Pour la mise en œuvre de cette étude, on se référera tout particulièrement aux exemples et aux ressources publiés dans le cadre des programmes par Eduscol, et aux sites institutionnels (Musagora, sites académiques…). »
● Pilier 5 : Culture humaniste
L’antiquité latine est à la source de toute la culture humaniste européenne puisque c’est l’empire romain qui a constitué ce bloc de peuples
allant de l’actuelle Angleterre à la Roumanie en passant par …la Gaule Belgique, dont notre région faisait partie.
Bulletin officiel n° 31 du 27 août 2009 : « Tous les aspects de la culture antique sont abordés dans le cours : l’histoire des idées, des sociétés, le fait religieux,la culture scientifique et technique. Contribuant à faire émerger des interrogations et des thématiques porteuses de sens (Organisation de l’enseignement de l’histoire des arts, B.O. n° 32 du 28 août 2008), la rencontre et le dialogue avec les œuvres d’art occupent une place privilégiée du cours de latin et de grec. »
● Pilier 6 : compétences sociales et civiques
Le programme de latin (et de grec) de collège prévoit que l’élève réfléchisse à la place du citoyen romain dans la société, ce qui permet d’enrichir sa réflexion sur ses propres droits et devoirs dans la société moderne.
Exemple : on travaille sur les droits du travailleur, sur l’esclavage quand on aborde le thème de l’esclavage à Rome.
Exemple : on travaille sur les droits des femmes quand on aborde ce thème en Latin.
Le Latin est un prisme qui permet de s’ouvrir sur le monde !!!!!
Bulletin officiel n° 31 du 27 août 2009 : « Les cours de langues anciennes permettent à l’élève de découvrir directement et personnellement la richesse et la
fécondité de textes fondateurs qui ont nourri et ne cessent de nourrir la pensée, la création artistique, la vie politique
et sociale. L’élève peut ainsi acquérir les repères indispensables pour mettre en perspective les représentations du
monde qui lui sont proposées quotidiennement dans notre société de la communication. Ces allers et retours à travers
l’histoire entre les mondes grec et romain et les mondes contemporains exercent l’esprit critique, favorisent la perception des permanences et des évolutions. Ainsi l’enseignement des langues anciennes rayonne-t-il vers les autres disciplines, scientifiques, historiques, linguistiques, artistiques. »
● Pilier 7 : autonomie et initiative
Un élève qui fait latin gagne en autonomie car c’est un enseignement qui apprend à convoquer et faire dialoguer des connaissances dans des domaines habituellement séparés comme l’Histoire, l’Instruction civique, S.V.T., Français…

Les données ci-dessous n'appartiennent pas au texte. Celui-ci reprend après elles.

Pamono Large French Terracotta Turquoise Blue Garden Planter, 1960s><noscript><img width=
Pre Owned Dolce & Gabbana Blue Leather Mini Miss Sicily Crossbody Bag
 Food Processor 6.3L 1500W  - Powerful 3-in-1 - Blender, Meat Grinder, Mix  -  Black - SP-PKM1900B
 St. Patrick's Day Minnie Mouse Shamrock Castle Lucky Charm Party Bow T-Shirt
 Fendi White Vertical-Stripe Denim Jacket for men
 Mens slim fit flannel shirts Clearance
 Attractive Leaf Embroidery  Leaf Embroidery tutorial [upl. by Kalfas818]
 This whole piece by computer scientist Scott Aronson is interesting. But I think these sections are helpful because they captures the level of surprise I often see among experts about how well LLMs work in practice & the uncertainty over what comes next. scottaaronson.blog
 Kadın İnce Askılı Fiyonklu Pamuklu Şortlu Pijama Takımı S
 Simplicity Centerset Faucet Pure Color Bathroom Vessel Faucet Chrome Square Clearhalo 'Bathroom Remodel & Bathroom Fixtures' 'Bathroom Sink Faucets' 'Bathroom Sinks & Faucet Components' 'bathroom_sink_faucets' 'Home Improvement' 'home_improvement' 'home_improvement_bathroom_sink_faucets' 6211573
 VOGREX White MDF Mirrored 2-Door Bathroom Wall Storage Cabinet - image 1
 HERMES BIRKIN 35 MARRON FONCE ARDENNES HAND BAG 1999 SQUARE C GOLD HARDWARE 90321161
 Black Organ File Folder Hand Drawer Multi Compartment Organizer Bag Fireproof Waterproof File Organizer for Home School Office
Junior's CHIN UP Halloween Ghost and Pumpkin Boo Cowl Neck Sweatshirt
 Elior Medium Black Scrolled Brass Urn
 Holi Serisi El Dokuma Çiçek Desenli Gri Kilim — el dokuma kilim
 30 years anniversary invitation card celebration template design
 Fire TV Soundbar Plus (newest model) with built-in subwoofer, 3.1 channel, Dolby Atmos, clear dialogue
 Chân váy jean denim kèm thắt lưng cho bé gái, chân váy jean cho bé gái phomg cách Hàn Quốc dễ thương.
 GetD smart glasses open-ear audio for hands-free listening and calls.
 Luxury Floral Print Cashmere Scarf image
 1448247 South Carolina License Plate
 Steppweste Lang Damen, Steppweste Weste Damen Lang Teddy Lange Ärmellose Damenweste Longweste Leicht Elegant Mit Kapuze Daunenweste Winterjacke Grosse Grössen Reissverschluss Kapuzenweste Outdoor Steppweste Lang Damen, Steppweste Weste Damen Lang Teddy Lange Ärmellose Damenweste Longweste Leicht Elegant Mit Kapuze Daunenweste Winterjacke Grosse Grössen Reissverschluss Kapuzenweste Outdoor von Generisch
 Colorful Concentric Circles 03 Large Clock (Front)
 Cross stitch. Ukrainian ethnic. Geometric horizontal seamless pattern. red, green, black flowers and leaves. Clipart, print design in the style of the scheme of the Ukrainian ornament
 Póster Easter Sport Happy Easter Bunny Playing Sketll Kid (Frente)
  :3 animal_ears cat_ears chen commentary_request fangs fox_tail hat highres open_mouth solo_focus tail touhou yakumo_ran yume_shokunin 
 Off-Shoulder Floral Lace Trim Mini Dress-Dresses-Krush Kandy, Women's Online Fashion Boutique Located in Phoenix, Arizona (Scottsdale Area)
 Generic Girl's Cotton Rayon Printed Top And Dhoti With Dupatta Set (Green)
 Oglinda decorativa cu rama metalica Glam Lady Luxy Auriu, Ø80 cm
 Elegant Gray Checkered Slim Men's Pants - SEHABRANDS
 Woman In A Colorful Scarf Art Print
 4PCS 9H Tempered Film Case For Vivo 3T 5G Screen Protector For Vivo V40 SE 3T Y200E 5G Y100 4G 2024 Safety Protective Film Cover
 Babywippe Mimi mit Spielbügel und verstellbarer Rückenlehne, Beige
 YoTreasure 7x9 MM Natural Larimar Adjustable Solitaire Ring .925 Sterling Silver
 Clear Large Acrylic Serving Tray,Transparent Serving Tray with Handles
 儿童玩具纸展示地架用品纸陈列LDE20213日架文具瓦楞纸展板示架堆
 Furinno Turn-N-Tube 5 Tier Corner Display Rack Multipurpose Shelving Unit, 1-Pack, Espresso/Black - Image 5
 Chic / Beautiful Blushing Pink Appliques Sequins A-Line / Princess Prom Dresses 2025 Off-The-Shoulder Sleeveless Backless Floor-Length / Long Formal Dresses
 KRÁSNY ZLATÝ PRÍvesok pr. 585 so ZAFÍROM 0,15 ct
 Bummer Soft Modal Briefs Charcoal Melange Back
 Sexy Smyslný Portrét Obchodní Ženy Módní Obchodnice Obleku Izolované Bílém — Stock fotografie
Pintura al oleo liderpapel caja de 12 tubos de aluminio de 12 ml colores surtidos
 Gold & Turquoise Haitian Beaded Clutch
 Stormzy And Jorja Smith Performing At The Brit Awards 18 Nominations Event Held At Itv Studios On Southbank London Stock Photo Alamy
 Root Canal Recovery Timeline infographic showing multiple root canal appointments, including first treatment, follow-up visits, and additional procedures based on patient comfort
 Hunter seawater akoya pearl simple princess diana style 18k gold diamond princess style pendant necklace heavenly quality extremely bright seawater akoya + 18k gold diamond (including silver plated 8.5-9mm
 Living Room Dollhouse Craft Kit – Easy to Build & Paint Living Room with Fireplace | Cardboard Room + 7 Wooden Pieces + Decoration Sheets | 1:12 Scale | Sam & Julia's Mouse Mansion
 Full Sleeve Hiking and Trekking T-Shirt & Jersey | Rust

Par ailleurs, il n’est PAS RESERVE AUX MEILLEURS ELEVES : le BO est très clair : « Pour quels élèves ?
« Cet enseignement doit être conçu pour s’adresser au plus grand nombre ». « Il est exclu que cette option soit réservée à ceux que, de façon sans doute prématurée, l’on jugerait les meilleurs ». (références sur le site : http://eduscol.education.fr/lettres/pratiques/ticlaclg/lacol1/les_aspects_reglemen«

Donc, soutenons la pétition ! https://secure.avaaz.org/fr/petition/Madame_la_Ministre_Latin_et_grec_ancien_pour_tous_les_eleves_dans_tous_les_etablissements/?pv=22

ite missa est dit: à

 » comment le latin permet de valider de nombreux items  »
Que voilà une belle langue pour les jeunes filles en fleurs.
Y t’ aime, c’ est sûr!

babel oueda dit: à

Je contresigne ce texte par simple reconnaissance de la cervelle, comme on parle de reconnaissance du ventre.

Je sais ce que je leur dois.
Dommage pour ce qui ne pourront pas comprendre.